*GOAL OF THE EXERCISE:*
After finding the line containing "Stainless Steel Roasting" below, please output that line and each following one through the line containing "Luminária LED Pétala", exactly as written.

Stored dataset items:
===

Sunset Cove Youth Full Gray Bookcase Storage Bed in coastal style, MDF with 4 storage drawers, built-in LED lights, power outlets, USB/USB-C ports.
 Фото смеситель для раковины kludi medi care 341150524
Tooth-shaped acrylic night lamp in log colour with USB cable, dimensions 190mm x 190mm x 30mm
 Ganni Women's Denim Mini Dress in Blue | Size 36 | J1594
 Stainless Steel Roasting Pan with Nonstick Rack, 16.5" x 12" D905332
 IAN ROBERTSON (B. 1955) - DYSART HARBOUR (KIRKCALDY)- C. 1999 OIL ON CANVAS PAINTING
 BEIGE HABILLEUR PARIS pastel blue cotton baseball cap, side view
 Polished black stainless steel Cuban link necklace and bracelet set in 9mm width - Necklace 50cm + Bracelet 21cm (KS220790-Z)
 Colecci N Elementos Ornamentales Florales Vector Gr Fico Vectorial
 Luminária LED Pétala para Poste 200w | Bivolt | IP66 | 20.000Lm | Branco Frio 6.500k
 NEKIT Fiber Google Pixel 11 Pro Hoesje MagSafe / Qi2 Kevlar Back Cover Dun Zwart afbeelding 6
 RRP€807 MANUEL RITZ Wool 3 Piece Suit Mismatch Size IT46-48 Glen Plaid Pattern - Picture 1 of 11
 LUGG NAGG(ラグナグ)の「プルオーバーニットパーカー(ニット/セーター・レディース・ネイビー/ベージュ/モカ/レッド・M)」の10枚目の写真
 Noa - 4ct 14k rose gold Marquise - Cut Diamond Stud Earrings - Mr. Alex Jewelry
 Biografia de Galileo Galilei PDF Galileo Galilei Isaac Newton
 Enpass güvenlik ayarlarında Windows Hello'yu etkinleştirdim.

===

*RESPONSE TO THE TASK:*
 Stainless Steel Roasting Pan with Nonstick Rack, 16.5" x 12" D905332
 IAN ROBERTSON (B. 1955) - DYSART HARBOUR (KIRKCALDY)- C. 1999 OIL ON CANVAS PAINTING
 BEIGE HABILLEUR PARIS pastel blue cotton baseball cap, side view
 Polished black stainless steel Cuban link necklace and bracelet set in 9mm width - Necklace 50cm + Bracelet 21cm (KS220790-Z)
 Colecci N Elementos Ornamentales Florales Vector Gr Fico Vectorial
 Luminária LED Pétala para Poste 200w | Bivolt | IP66 | 20.000Lm | Branco Frio 6.500k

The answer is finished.